Ever since we were born, we have been fed a certain sense of solidity and discreteness when we perceive the world. Nouns are assigned to objects and items, and even to abstract phenomena that somehow can fit in a certain box to help pare down the complexity of the world into a few simplistic interpretations. We humans exist as nouns as well – as personas and identities that separate ourselves from our surrounding. We are our occupations or professions, our hobbies and interests, our habits and behaviors. An office worker, an athlete, a reader, a motorbiker, a musician, an activist, a learner. Sometimes personality traits also define our identities: an extrovert, a hard worker, a visionary, a thrill seeker. We absorb these perceptions of ourselves and paint an image that is more or less consistent to them. And even if we don’t intentionally project this image, we subconsciously cling to it, often under the assumption that without such sense of identity, our existence would disintegrate or be compromised somehow.
The fascinating thing about all this is how little of the world is anything truly solid or static or separate. On every level, reality operates in a mode that allows everything to move, interact, and change in one way or another. Every single object is made up of matter containing subatomic particles that are far from static and could transform the matter from one metastable state to another. On much larger scales, landmasses and continents are (very) gradually shifting, massive stars and planets revolve and spin and rotate, and the universe itself is ever expanding. Organisms like animals and plants go through cycles of life, and overtime we all evolve and change depending on our interactions with the surrounding. Within human society, we exist in a system that is constantly shaping and reshaping ourselves, via the structure of laws and politics, the fabric of culture and tradition, and all the interpersonal relationships that fall under these. Our own individual, seemingly distinct selves are ever progressing, shapeshifting, and interacting with one another as we experience life events, relationships, and the push-and-pull of reality.
It is thus rather absurd and illogical to conceptualize anything in the universe as a static, discrete object. In fact, everything goes through processes of transformation. Everything is processes of transformation. This idea lends some insights into how we can reframe our way of observing and understanding the world and ourselves. I myself am not only linked to but also made up of whatever I have been taught to identify as “non-me”. There might even be no such thing as a “me”, so “non-me” could just as likely be automatically rendered an invalid concept (but this is an idea for another post). What I mean here is that the “processes, not objects” reframing can liberate us from feeling contained and penned up in the arbitrary bounds of discrete identities. Contrary to the immovable sense of self which we so often fall back on, we’re better off if we can know ourselves as mobile, unbounded existences that can very much change and morph in the most spontaneous, random manner possible. Society always tries to pin us to certain boxes and categories (if you read my blog regularly you know that I tend to start sentences with “Society” whenever I’m complaining about something). Thus we all intuitively adopt some sort of self-categorization even without external triggers because we have come to understand that our self-worth and value is only ever substantiated by this sort of static categorization. And yes, even any kind of “becoming” you think you are doing is rooted in this same notion of static categorization, because you are ultimately “becoming” a distinct “thing” (e.g., a wealthy person, an educated person, an accomplished person). Striving so hard to build up or guard this artificial sense of a distinct self is a Sisyphean pursuit of happiness and contentment.

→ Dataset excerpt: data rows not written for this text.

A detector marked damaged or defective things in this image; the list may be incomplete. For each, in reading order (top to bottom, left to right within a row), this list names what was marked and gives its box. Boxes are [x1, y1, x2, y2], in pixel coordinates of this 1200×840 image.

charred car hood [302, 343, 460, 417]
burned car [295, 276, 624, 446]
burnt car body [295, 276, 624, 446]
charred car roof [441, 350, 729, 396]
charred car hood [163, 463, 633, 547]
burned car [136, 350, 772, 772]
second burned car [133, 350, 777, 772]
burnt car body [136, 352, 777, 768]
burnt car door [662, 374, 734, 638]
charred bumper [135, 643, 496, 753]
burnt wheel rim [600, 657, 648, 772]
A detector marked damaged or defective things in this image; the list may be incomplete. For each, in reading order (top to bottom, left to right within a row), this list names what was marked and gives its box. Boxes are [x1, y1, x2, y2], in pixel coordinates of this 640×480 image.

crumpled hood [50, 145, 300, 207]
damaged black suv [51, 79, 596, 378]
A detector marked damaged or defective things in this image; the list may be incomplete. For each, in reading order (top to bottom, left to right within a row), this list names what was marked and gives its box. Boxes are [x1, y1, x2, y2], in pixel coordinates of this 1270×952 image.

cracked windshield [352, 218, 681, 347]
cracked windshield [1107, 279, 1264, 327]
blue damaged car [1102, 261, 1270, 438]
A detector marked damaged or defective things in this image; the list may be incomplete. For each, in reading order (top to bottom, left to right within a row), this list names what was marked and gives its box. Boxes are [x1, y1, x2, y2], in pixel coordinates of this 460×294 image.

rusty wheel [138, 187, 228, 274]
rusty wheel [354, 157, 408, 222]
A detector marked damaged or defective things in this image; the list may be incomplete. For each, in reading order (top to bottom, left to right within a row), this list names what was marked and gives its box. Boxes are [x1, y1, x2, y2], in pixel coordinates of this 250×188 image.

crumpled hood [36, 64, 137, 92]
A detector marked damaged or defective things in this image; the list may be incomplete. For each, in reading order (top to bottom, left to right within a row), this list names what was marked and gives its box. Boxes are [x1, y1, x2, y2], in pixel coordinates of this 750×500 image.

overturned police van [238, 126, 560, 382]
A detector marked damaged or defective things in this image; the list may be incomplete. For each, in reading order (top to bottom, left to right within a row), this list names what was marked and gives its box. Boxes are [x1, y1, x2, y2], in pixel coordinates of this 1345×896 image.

Likewise, the “processes, not objects” reframing allows us to see the interconnectivity of every aspect of reality. Everything exists not in a vacuum but in a web of interactions that carry impacts across more ground than our limited mind can ever comprehend. The awareness that such interactivity exists not only humbles us into our minuscule position in this vast universe, but can also teach us a thing or two about how we may potentially repair our arrogance-induced failures. Anything we as human society do produces repercussions that we sometimes either brush off out of an assumption that things are isolated and non-interacting, or intentionally turn a blind eye to out of greed and vanity. We end up destroying the planet, waging wars, treating each other terribly, and sowing damage and misery wherever we go. Acknowledging our share in all the processes that are happening in this world can remove the barriers we tend to place between us and the “non-us” and help us realize for once that our place in the universe also heavily depends on everything else.